Now let's talk about bad guys. Civil War does an excellent job of creating a believable and exciting conflict between our superheroes. One of the reasons it works so well is that, as we've discussed, we've been following a lot of these characters for many, many years. But, while it's thrilling to see Iron Man and Captain America beat each other up, we have to ask: what about the bad guys?

In the comics, superheroes have multiple showdowns with longtime villains. Cap's never-ending battle against the Red Skull, Spidey's ongoing beef with Doctor Octopus…these conflicts have history, and that makes them compelling. But the Marvel movies take a "good guys win, bad guys die" approach to its villains. The Red Skull is dead. Whiplash is dead. Ultron is dead. Arnim Zola died twice. Even Yellowjacket, a pretty low-level villain compared with the rest, got imploded to death. The only reason Loki's still around for Thor to punch is because he's literally immortal.

At this rate, there's not going to be anyone left for the heroes to fight in future movies if they're all taking dirt naps. If future Marvel movies want to replicate the awesomeness of the huge hero fight of Civil War in later films, it'll have to let some of its bad guys continue breathing. And while Civil War's Zemo survived the movie's end…we'd trade him for a resurrected Red Skull any day.
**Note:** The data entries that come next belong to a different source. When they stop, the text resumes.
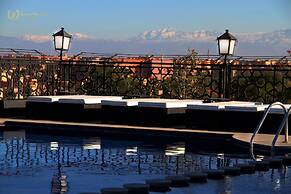 Hotel Imperial Plaza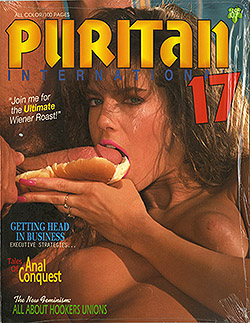 Puritan No. 17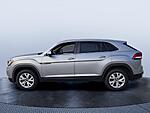 Used 2021 Volkswagen Atlas Cross Sport 2.0T S FWD in JACKSONVILLE, FLORIDA (Photo 6)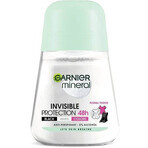 Garnier Invisible 48h 1×50 ml, anti-perspirant pearl against stains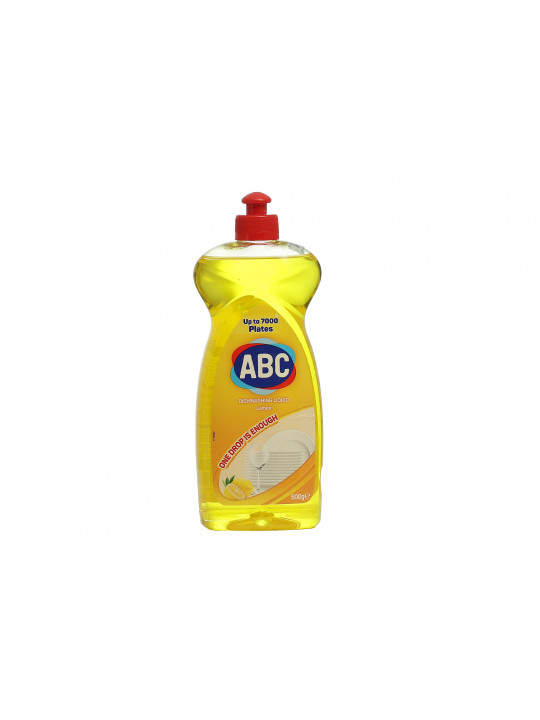 Dishwashing liquids ABC Լիմոն 500 գր (191612) 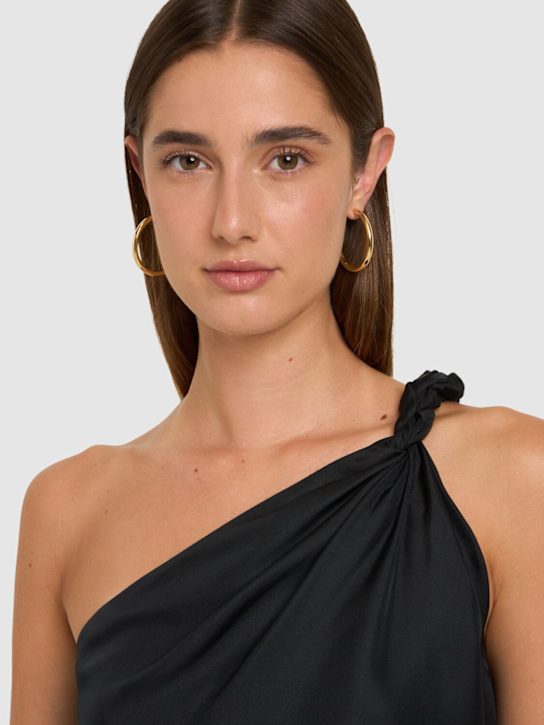 Luisaviaroma Orecchini A Cerchio M Classic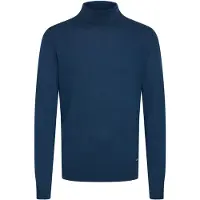 Blend Pullover navy
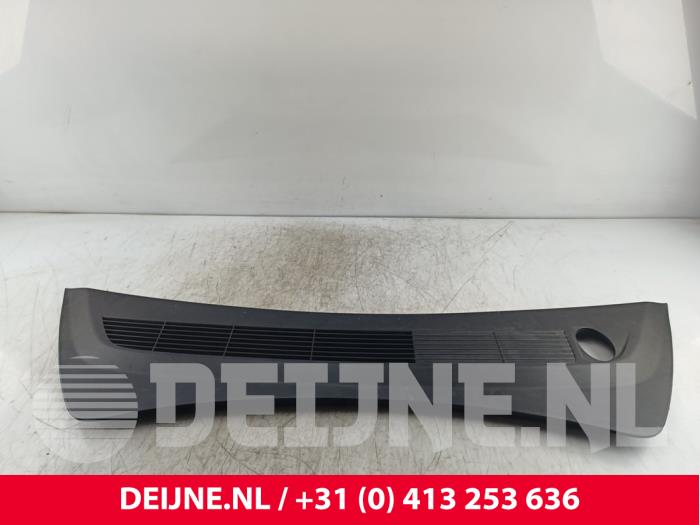 Tesla Model 3 Paravent O286541
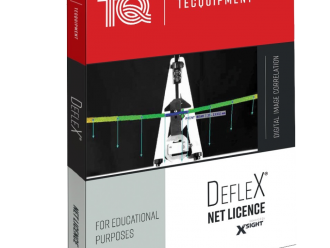 TecQuipment DefleX-Edu Network License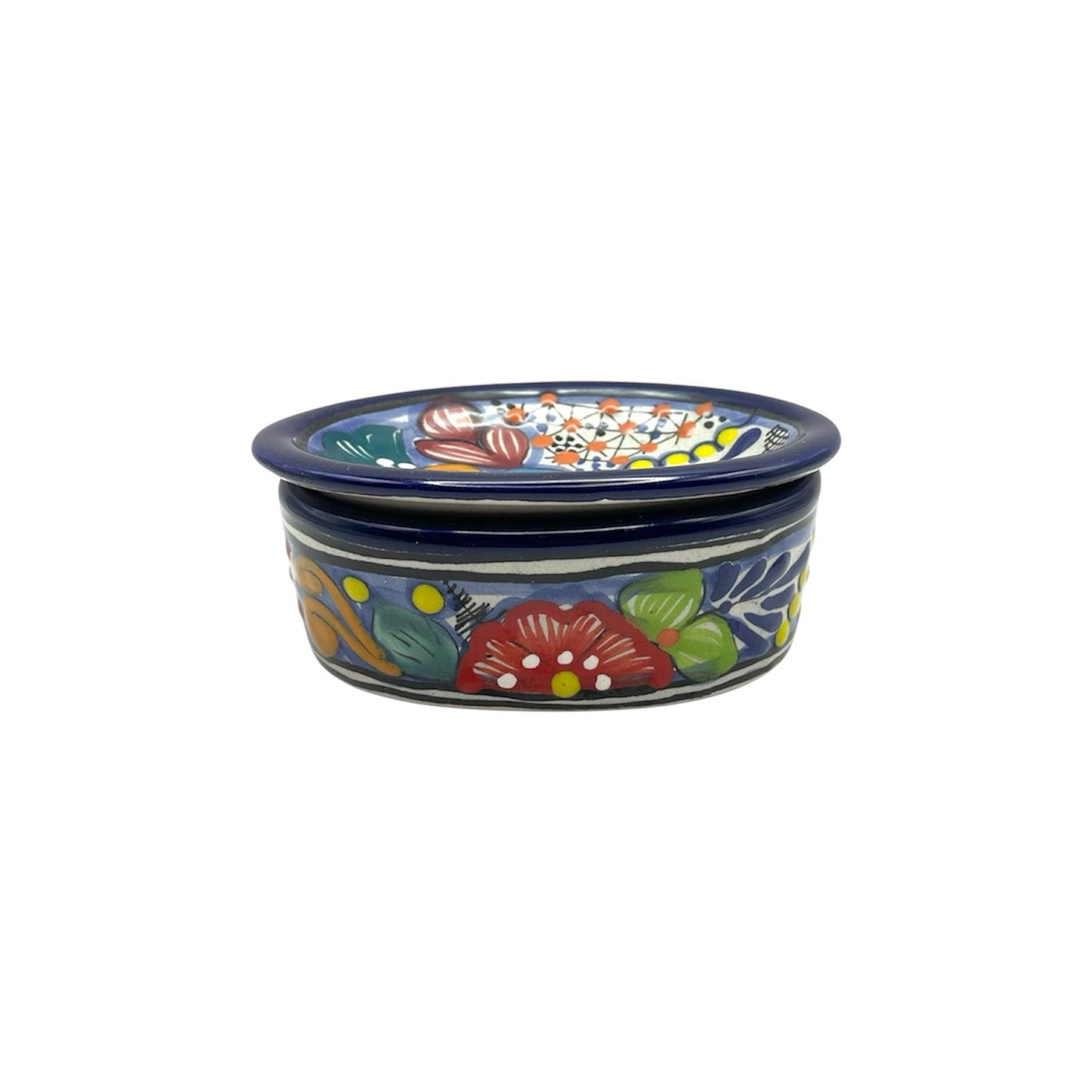 Jabonera para Barra (Colores)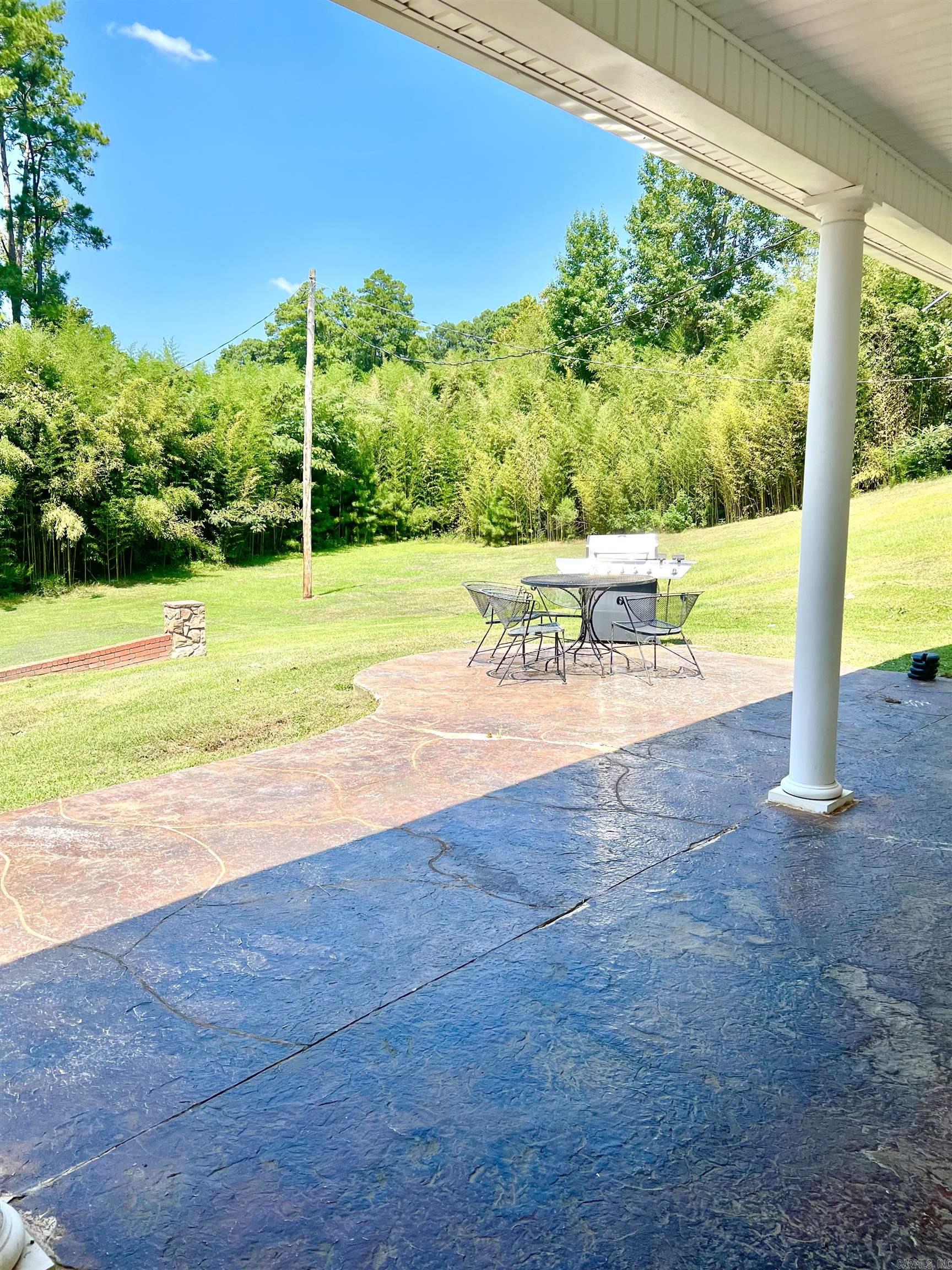 954 Ridgeview Camden, AR 71701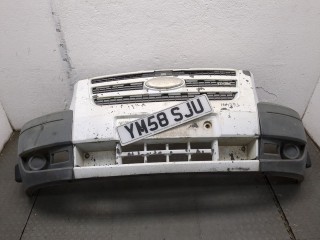 Бампер передний, Ford Transit 2006-2014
Diversity is still an issue

Marvel is slowly but surely adding some diversity to its formerly homogenous roster of characters, and Civil War is proof that it's going in the right direction. It has three non-white men in the form of Falcon, War Machine, and Black Panther, the last of whom will get his own solo movie in 2018. It's also got three ladies (all white) who have pretty big parts…but as of this writing, there are still no announced plans for solo adventures for Black Widow, Scarlet Witch, or Sharon Carter. And while we're on the subject, Civil War also mostly failed the Bechdel Test, since there's never a scene where two female characters talked to each other about a subject other than a man. Early in the film Black Widow and Scarlet Witch talk about surveillance over their radios for about two sentences, but it's still in relation to tracking and capturing Crossbones (yet another villain who bit the dust).
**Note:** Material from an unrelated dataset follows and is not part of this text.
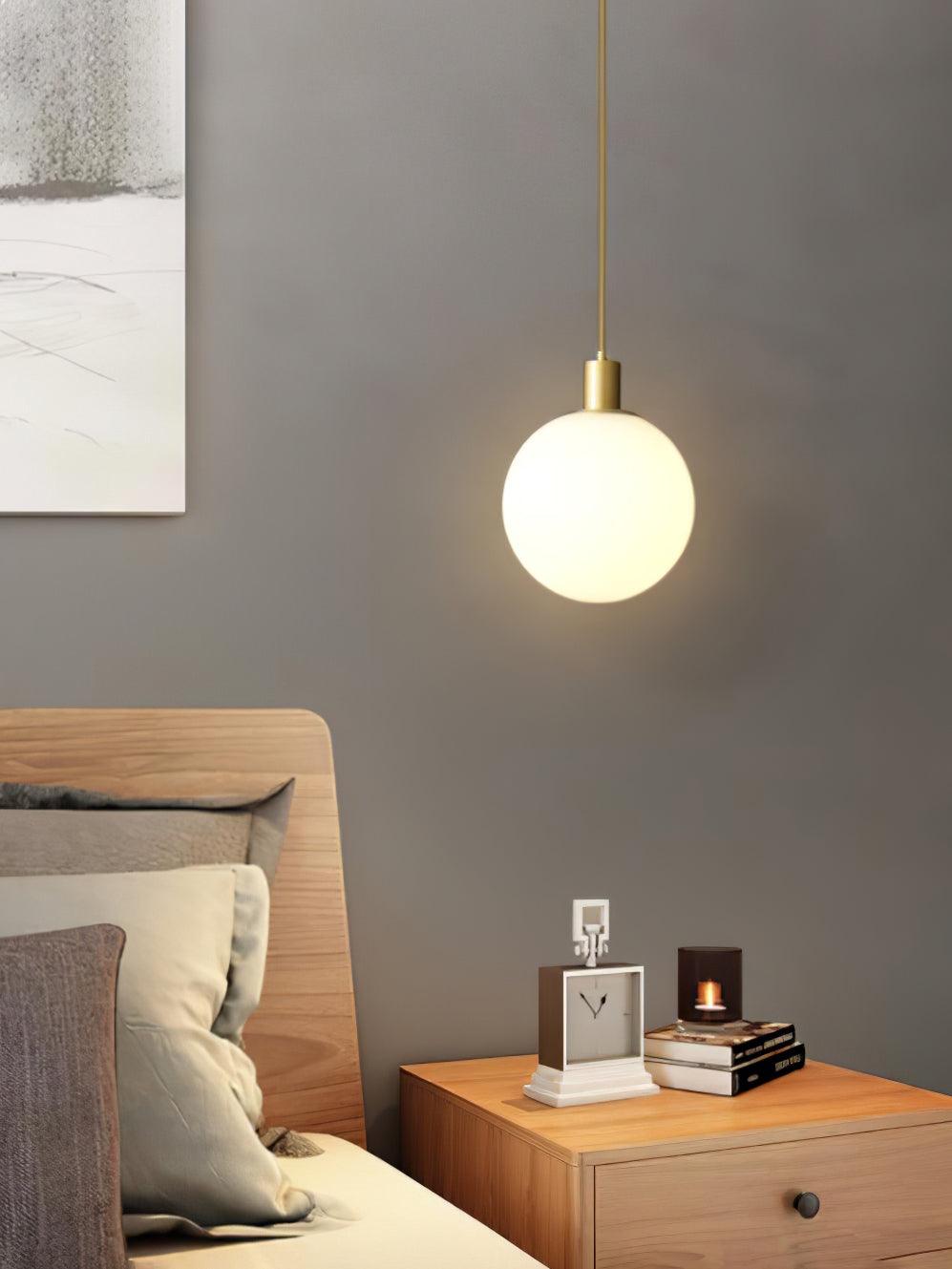 Lampada a sospensione Holly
Marvel isn't completely ignoring the topic of diversity. With the aforementioned plans for a Black Panther flick, as well as a Captain Marvel movie starring a female lead both set for 2018, the studio is moving in the right direction. But again, we're 13 movies into this franchise and it still feels like baby steps. It doesn't look like much will change between Civil Wand Infinity War, especially considering the fact that Doctor Strange's "Ancient One" character went from an Asian man in the comics to being played by…Tilda Swinton. Oof.

How do you top this?

Now that we've got all our serious concerns out of the way, let's get back to where we started. Civil War is still a huge success as a film on pretty much all the levels that matter. Fans and casual moviegoers alike can't help but love it to bits. From Spider-Man's amazing introduction to Ant-Man's transformation into Giant-Man, it really delivers an incredibly entertaining and fun experience. Some fans might even argue it's the best Marvel movie to date…

So how do you beat the best? The law of averages dictates that it's impossible to hit a home run every time you come up to bat—but it seems like that's exactly what's happening with Marvel's movies. At some point, there's bound to be a clunker. Many seemed to think that Age of Ultron was a sign that Marvel was beginning to stumble, but its 75 percent fresh rating on Rotten Tomatoes would seem to indicate that it's actually a pretty well-liked movie despite its flaws. But how will Marvel keep the hits coming after all of its movies finally collide in Infinity War? What goes up, must come down. And at some point, we'll have reached the top of the Marvel Mountain. When will we start to fall from the peak?